Eileen Stevens: Why are there holes in it?
Beans: [bursts out of the box as Steve and Eileen scream] So I can breathe.
Steve Stevens: Beans, you are not coming to Washington with us.
Beans: Come on! You'll never know I'm there.
Steve Stevens: Out! Home!
Beans: Fine, but you're gonna miss me, though!

News Anchor: In a stunning and dramatic reversal, a recount has snatched victory away from state senator Eileen Stevens, and by a scant 17 votes, has given the vacant congressional seat to Charles Nuck.
Louis Stevens: My tape!
Ren Stevens: My friends!
Steve Stevens: My job!
Donnie Stevens: My coach!
Eileen Stevens: My seat!


"Even Stevens: Where in the World Is Pookie Stevens? (#3.2)" (2002)
Louis Stevens: Dad, I gotta talk to you about my drum set.
Steve Stevens: You don't have a drum set!
Louis Stevens: Exactly. But I figured out a way to solve this problem.
Steve Stevens: And that would be...?
Louis Stevens: I'm gonna let you buy it for me.

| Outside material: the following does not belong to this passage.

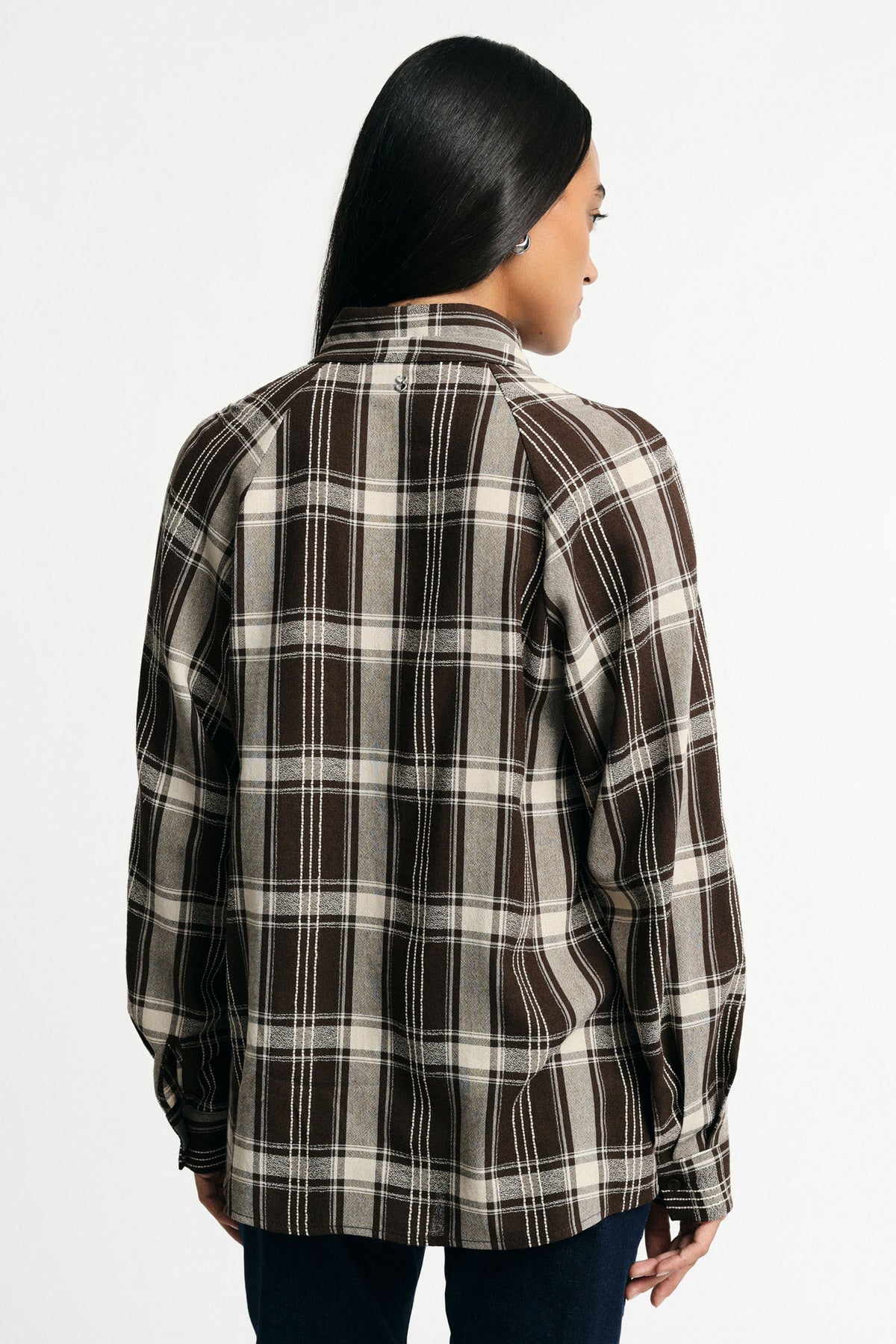 Chemise ample à carreaux col mao – Please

Ren Stevens: I know I said I was growing up, but... I'm not, and I miss Mr. Pookie and I want him back!
[cries]
Eileen Stevens: Oh, sweetheart...
Steve Stevens: Oh...
Eileen Stevens: Come here. We all miss Mr. Pookie.
Steve Stevens: Ren, I promise you that this family will do whatever it takes to get Mr. Pookie back. Isn't that right, Louis? Louis?
[Louis is back to sleep, snoring]


"Even Stevens: Boy on a Rock (#3.13)" (2002)
Steve Stevens: As a matter of fact, this probably is a good time as any tell you... I signed up as a parent volunteer at your school!
Ren Stevens: What! Why?
Louis Stevens: Are we being punished for something?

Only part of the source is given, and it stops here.